The WSJ on the occasion of Martin Lipton’s 80th birthday, discusses the man and his firm.

On Wachtell’s structure, the article notes that Wachtell “has become one of the world’s most profitable and best-known legal brands under Mr. Lipton’s management,” that it charges “by the case, rather than by the hour,” that the firm’s “primary business getters today are in other generations,” “has a culture that’s so embedded, so deep,” that “partners—not teams of junior attorneys—do most of the work,” has only one office, pays its partners by a lockstep system rather than performance, and “is a fraction of the size of some rivals” (1/10th the size of Skadden).  Last but not least, the article notes that Wachtell had the highest profits per partner last year.

Wachtell is a classic example of what is likely to be a small group of firms that will survive what I’ve called The Death of Big Law.  I conclude that Big Law died (not is dying, or will die, but is dead) because it outgrew its ability to sustain itself.  Here’s my thesis in a nutshell (at 777):

The theory of the Big Law “firm” is based on the idea that the firm generates reputational capital. However, the conditions for maintaining this capital, particularly including seniority-based compensation and a rigid up-or-out promotion tournament, exist only in relatively few top-line firms, such as Cravath. Many more have adopted the Big Law form without the internal structure necessary to maintain it. When big firms try to expand without the support structure they are prone to failure.

Wachtell is succdessful because it stuck with the classic reputational capital model.  One wonders what will happen when Lipton’s gone, and a new guard faces the temptation to expand and leverage.
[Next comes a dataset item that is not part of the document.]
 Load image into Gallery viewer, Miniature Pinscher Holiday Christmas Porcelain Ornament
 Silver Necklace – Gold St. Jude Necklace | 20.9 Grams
The article of course notes Wachtell’s shining achievement — the creation of the poison pill.  This is significant as one of the few very successful legal “products.”  Here again, Wachtell is exceptional, as I discuss in the above article (at 779):

Although Wachtell’s becoming a dominant advisor on takeover defenses demonstrates that law firms can internalize the benefits of innovating legal products even without formal intellectual property rights protection, it is not clear when the necessary conditions exist. Martin Lipton could offer the pill to clients bundled with his own general high-level advice for corporate managers. Thus, even if clients could get any corporate law firm to draft a pill, many would prefer to buy the pill plus related advice from Wachtell. Lipton’s ability to capture the pill’s benefits gave him an incentive to serve as its public advocate and to produce a scholarly rationale for strong takeover defenses.
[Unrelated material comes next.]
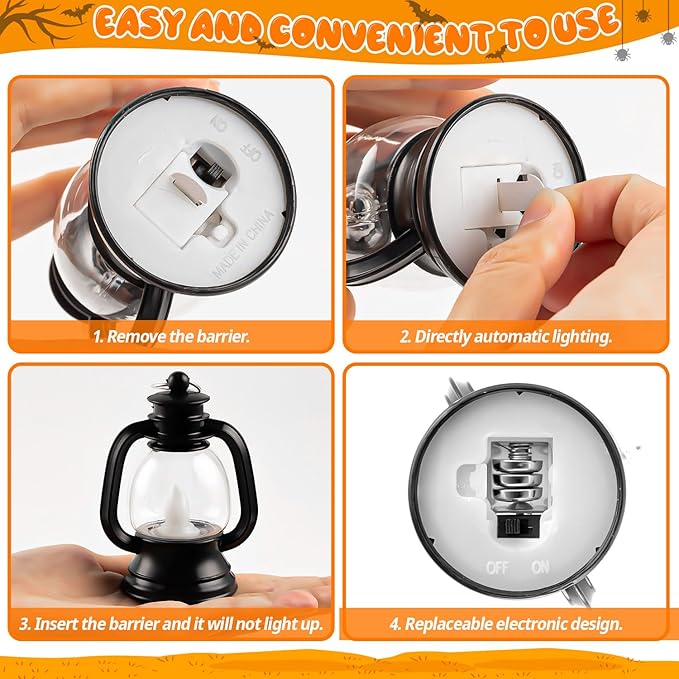 24 Pcs Halloween Mini Centerpieces for Tables with LED Simulation Candle, 4 Inch Small Hanging, Decorative for Wedding Centerpiece Tables (Warm Yellow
In a more recent paper, Bruce Kobayashi and I expand on the theme of legal products, and the significance of intellectual property rights in their creation outside the special circumstances of Marty Lipton.
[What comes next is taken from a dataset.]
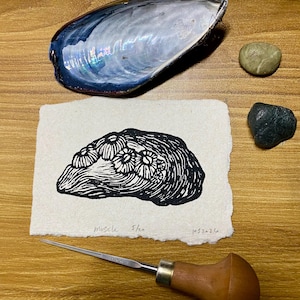 Muscle with Barnacles Linocut mini print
Finally, the WSJ article notes that Wachtell is “one of the few major law firms without a written partnership agreement.” The Law Blog adds:  

The absence of a document that addresses matters critical to the firm’s existence as an entity separate from its individual members is uncommon, especially given today’s environment of rising tensions between partners and law firms.

(The LB adds that Cravath also doesn’t have a written partnership agreement.)

This is an interesting phenomenon that deserves a longer post.  One might think it quite odd that a business based on the idea that everybody else in the world should pay a lot for binding contracts doesn’t think it needs one.  On the other hand, in Cravath and Wachtell the practice fits with the conditions of trust that support these firms, as discussed above. 

On the third hand, the law firm agreements I’ve seen are not so great.  Of course these are in litigated cases, arguably not a fair sample.  But one wonders if the current state of  law firm agreements reveals a general deficiency in lawyers’ business expertise, on others’ behalf as well as their own.  Here is an empirical project that yearns to happen if only one could get hold of the data.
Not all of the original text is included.